Each line of the entries below that includes "Black" belongs in your answer.

(Data provided begins)

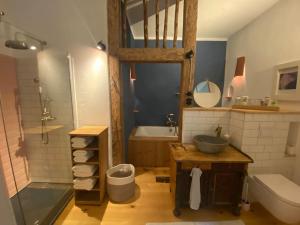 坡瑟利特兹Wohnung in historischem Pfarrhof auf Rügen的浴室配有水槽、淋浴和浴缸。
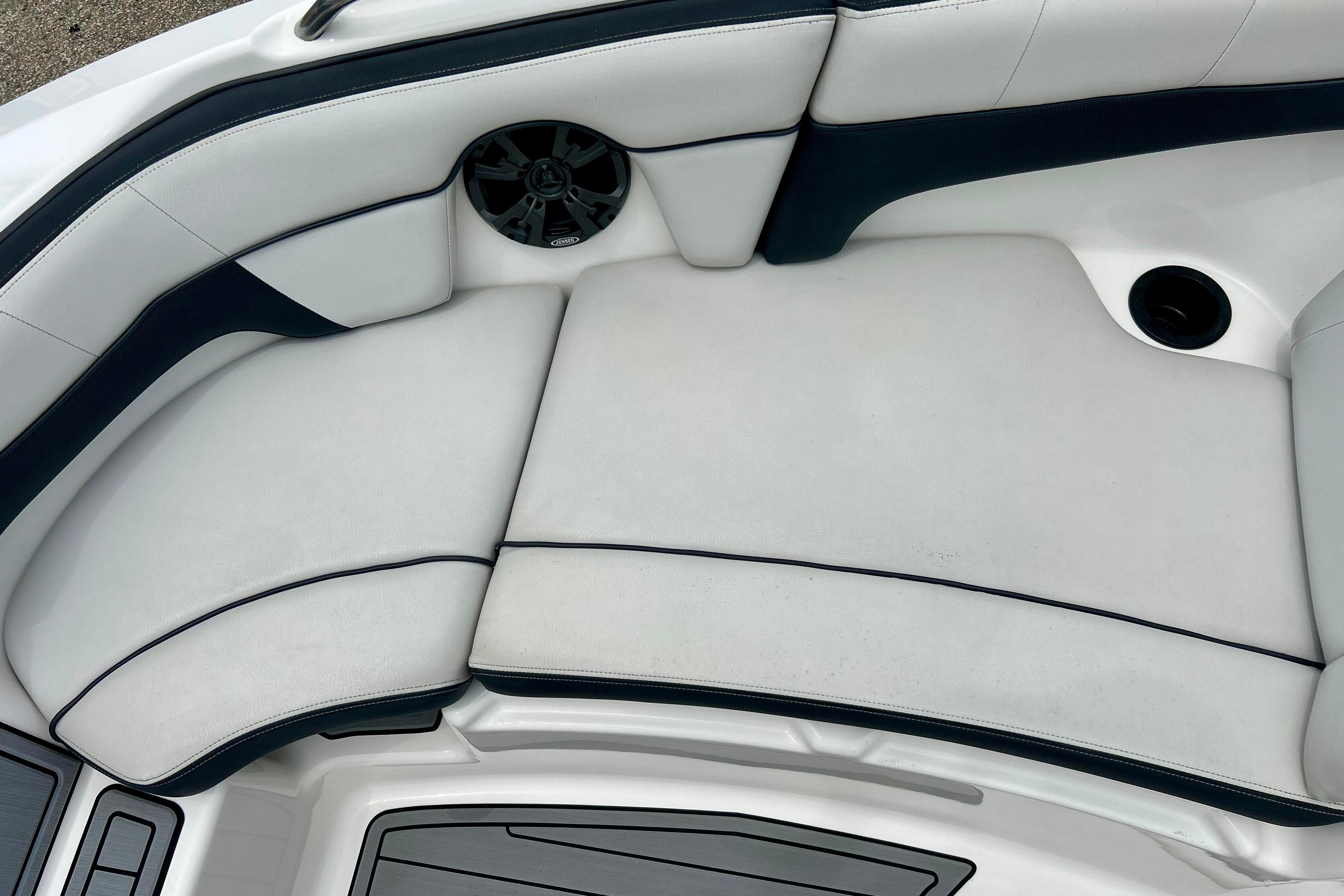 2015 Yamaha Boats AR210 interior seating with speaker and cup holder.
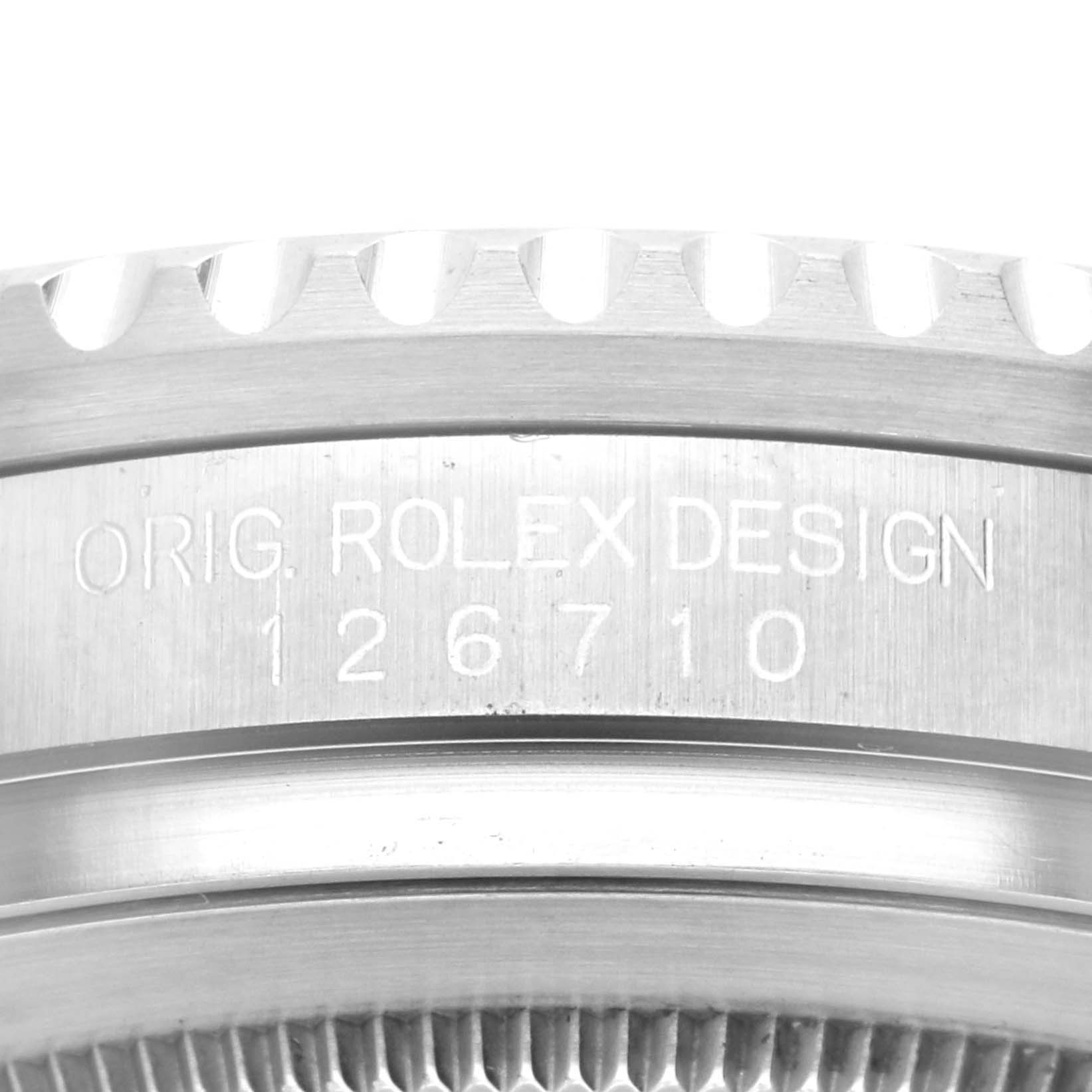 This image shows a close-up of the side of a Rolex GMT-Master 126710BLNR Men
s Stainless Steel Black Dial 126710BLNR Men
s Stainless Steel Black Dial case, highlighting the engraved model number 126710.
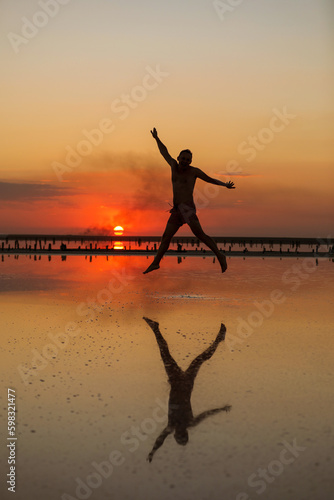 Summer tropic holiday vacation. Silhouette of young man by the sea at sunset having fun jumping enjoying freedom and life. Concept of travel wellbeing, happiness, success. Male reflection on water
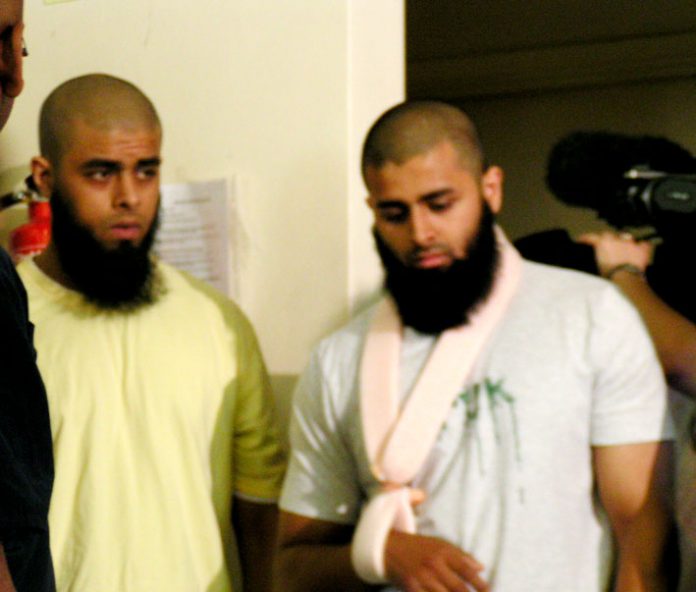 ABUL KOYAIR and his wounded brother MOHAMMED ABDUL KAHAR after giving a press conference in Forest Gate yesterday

(Data provided ends)

> Finished exercise
s Stainless Steel Black Dial 126710BLNR Men
s Stainless Steel Black Dial case, highlighting the engraved model number 126710.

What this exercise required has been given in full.